0x00007fe2ee19e5a6 in syscall_ready ()
(gdb) c
Continuing.
Program received signal SIGSEGV, Segmentation fault.
0x0000000072015e1b in ?? ()
(gdb) add-symbol-file /work/dr/nightly/run/build_release-external-64/bin64/../clients/lib64/release/libdrmemtrace.so 0x0000000072007820
add symbol table from file "/work/dr/nightly/run/build_release-external-64/bin64/../clients/lib64/release/libdrmemtrace.so" at
.text_addr = 0x72007820
(y or n) y
Reading symbols from /work/dr/nightly/run/build_release-external-64/bin64/../clients/lib64/release/libdrmemtrace.so...Reading symbols from /work/dr/nightly/run/build_release-external-64/clients/lib64/release/libdrmemtrace.so.debug...done.
done.
(gdb) bt
#0 offline_instru_t::append_unit_header (this=0x47b4e5d0, buf_ptr=0xc72688f0 <error: Cannot access memory at address 0xc72688f0>, tid=0)
at /work/dr/nightly/src/clients/drcachesim/tracer/instru_offline.cpp:284
#1 0x0000000072011c2c in drmemtrace_client_main (id=<optimized out>, argc=<optimized out>, argv=<optimized out>)

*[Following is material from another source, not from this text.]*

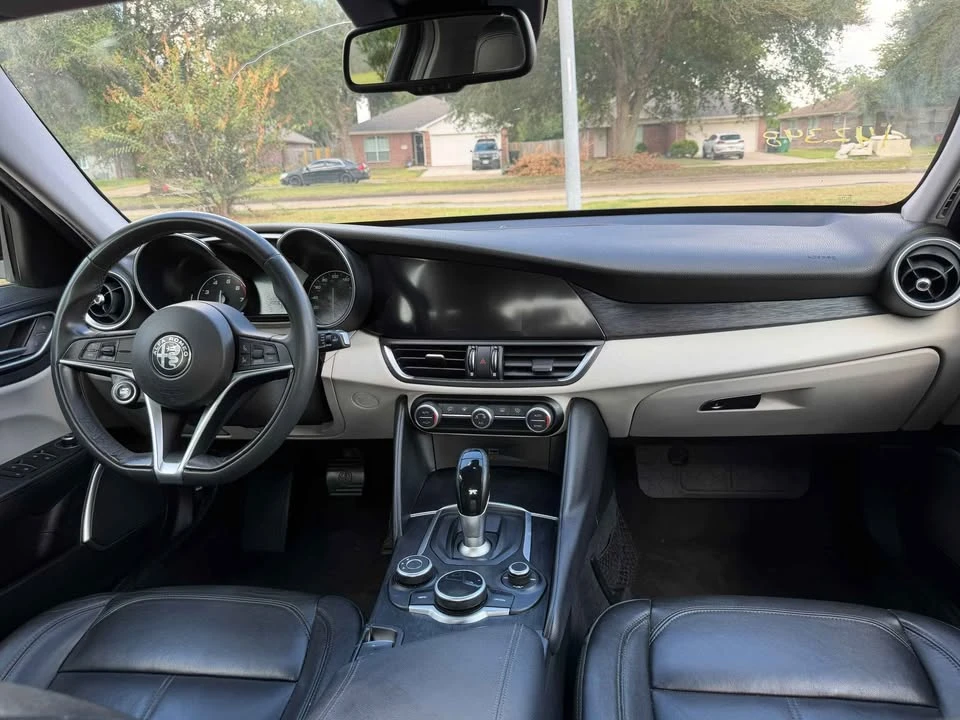 2019 Alfa Romeo Giulia - Image 19 of 20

at /work/dr/nightly/src/clients/drcachesim/tracer/tracer.cpp:1810
#2 0x00007fe2ee121c1b in instrument_init () at /work/dr/nightly/src/core/lib/instrument.c:733
#3 0x00007fe2ee0b1cc8 in dynamorio_app_init () at /work/dr/nightly/src/core/dynamo.c:680
#4 0x00007fe2ee196487 in privload_early_inject (sp=0x7ffdc7269360, old_libdr_base=<optimized out>, old_libdr_size=<optimized out>)
at /work/dr/nightly/src/core/unix/loader.c:1947
#5 0x00007fe2ee178065 in reloaded_xfer ()
#6 0x0000000000000001 in ?? ()
#7 0x00007ffdc726b62b in ?? ()
#8 0x0000000000000000 in ?? ()
(gdb) x/8i $pc
=> 0x72015e1b <offline_instru_t::append_unit_header(unsigned char*, int)+11>: movzbl 0x7(%rsi),%eax
0x72015e1f <offline_instru_t::append_unit_header(unsigned char*, int)+15>: mov %rsi,%rbx
0x72015e22 <offline_instru_t::append_unit_header(unsigned char*, int)+18>: lea 0x8(%rbx),%r12
0x72015e26 <offline_instru_t::append_unit_header(unsigned char*, int)+22>: and $0x1f,%eax
0x72015e29 <offline_instru_t::append_unit_header(unsigned char*, int)+25>: or $0xffffff80,%eax
0x72015e2c <offline_instru_t::append_unit_header(unsigned char*, int)+28>: mov %al,0x7(%rsi)
0x72015e2f <offline_instru_t::append_unit_header(unsigned char*, int)+31>: callq 0x72015510 <instru_t::get_timestamp()>
0x72015e34 <offline_instru_t::append_unit_header(unsigned char*, int)+36>: movzbl %ah,%edx
(gdb) info reg
rax 0x7222ba78 1914878584
rbx 0xc72688f0 3341191408
rcx 0x0 0
rdx 0x0 0
rsi 0xc72688f0 3341191408
rdi 0x47b4e5d0 1203037648
rbp 0x9fff 0x9fff
rsp 0x7ffdc7268290 0x7ffdc7268290
r8 0x0 0
r9 0x1 1
r10 0x1 1
r11 0x47abde00 1202445824
r12 0x7fff 32767
r13 0x47b4e5d0 1203037648
r14 0x2 2
r15 0x0 0
rip 0x72015e1b 0x72015e1b <offline_instru_t::append_unit_header(unsigned char*, int)+11>
eflags 0x10206 [ PF IF RF ]
cs 0x33 51
ss 0x2b 43
ds 0x0 0
es 0x0 0
fs 0x0 0
gs 0x0 0
(gdb) x/4wx $rsi
0xc72688f0: Cannot access memory at address 0xc72688f0
Looking at the addresses it looks like 32-bit truncation to me of the "buf" local var in tracer.cpp:
rsi 0xc72688f0
rsp 0x7ffdc7268290
We've confirmed we can reproduce with PR #3463, and there is no crash without, on other machines as well, so I'm triaging this off to the author.